Les deux candidats ont des alliés de poids : le conseil constitutionnel est soumis quel que
soient les résultats des urnes avec la complicité évidente des commissions électorales où
les listes des citoyens sont bourrées de faux électeurs quand ce ne sont pas les urnes.
L’Afrique souffre-t-elle toujours du syndrome de Stockholm ? Sans aucun doute. Ces
dirigeants caressent dans le sens du poil les anciens maitres devenus des « partenaires ».
Les deux figures en liste illustrent parfaitement ces cas d’école où la soumission reste la
seule issue pour un règne à vie.
La recette est immuable. Ces régimes politiques gouvernent par la peur, la terreur,
l’appauvrissement volontaire de la population, la précarité mentale et physique, la maladie,
le désespoir, etc. Rien n’explique le silence et la complicité des nations dites libres et qui
nous gavent de leçons de résilience, de liberté, de fraternité et surtout d’égalité.

Face au cocktail explosif en préparation, les dictateurs séniles ont-ils conscience des
aspirations de leur jeunesse qui n’en peut plus de galérer face aux défis qui se profilent ?
La soif du pouvoir peut-elle expliquer les égoïsmes de la cour, les injustices, la pauvreté
galopante, le tribalisme, les inégalités cumulatives, la corruption systémique ?

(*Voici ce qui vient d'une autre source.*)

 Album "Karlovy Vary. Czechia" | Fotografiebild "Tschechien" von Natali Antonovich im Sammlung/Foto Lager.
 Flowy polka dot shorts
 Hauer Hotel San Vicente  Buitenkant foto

Le déni est devenu le fer de lance des deux gouvernants dont les prisons regorgent
d’opposants politiques. Pour ces dirigeants sénilles, cyniques et frappés de cécité, tout va
bien dans le meilleur des mondes. Loin de s’attaquer aux vrais problèmes de leurs échecs
successifs de développement et à leur récurrence, ces pouvoirs despotiques sont incapables
de s’interroger, d’offrir des perspectives à leur jeunesse condamnée à émigrer pour fuir la
pauvreté. Non, Alassane Ouattara et Paul Biya n’ont jamais incarné un espoir et une vision
moderne de leurs pays. Ils ont choisi de régner jusqu’à la mort pour ne pas être jugés. Ils
vivent dans la peur et cette dernière les transforment en bête blessée. Ils sont déshumanisés
et prêts à tout pour survivre. Sont-ils conscients de leur faiblesse ? Nous en doutons.

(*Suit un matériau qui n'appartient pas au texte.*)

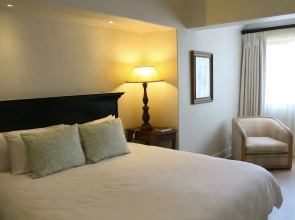 Sheppard Boutique Hotel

Ces dirigeants s’emmurent dans leur forteresse, inconscients du changement inéluctable
qui se profile car toute l’Afrique a besoin d’une nouvelle ère de gouvernance pacifiée, non
servile et au service du peuple. Ces deux lascars sont incapables de prendre la pleine
mesure des enjeux sécuritaires liés au péril et à la dégradation économique qui menacent
leur pouvoir.
Ce constat dégage deux hypothèses : l’aveuglement des pouvoirs politiques qui ne veulent
ni rien voir, ni rien entendre et la banalisation de la violence policière et militaire pour se
maintenir au pouvoir. Ces violences ont une limite. Nos chefs d’état doivent en tenir
compte pour éviter l’exil sans espoir après le pouvoir.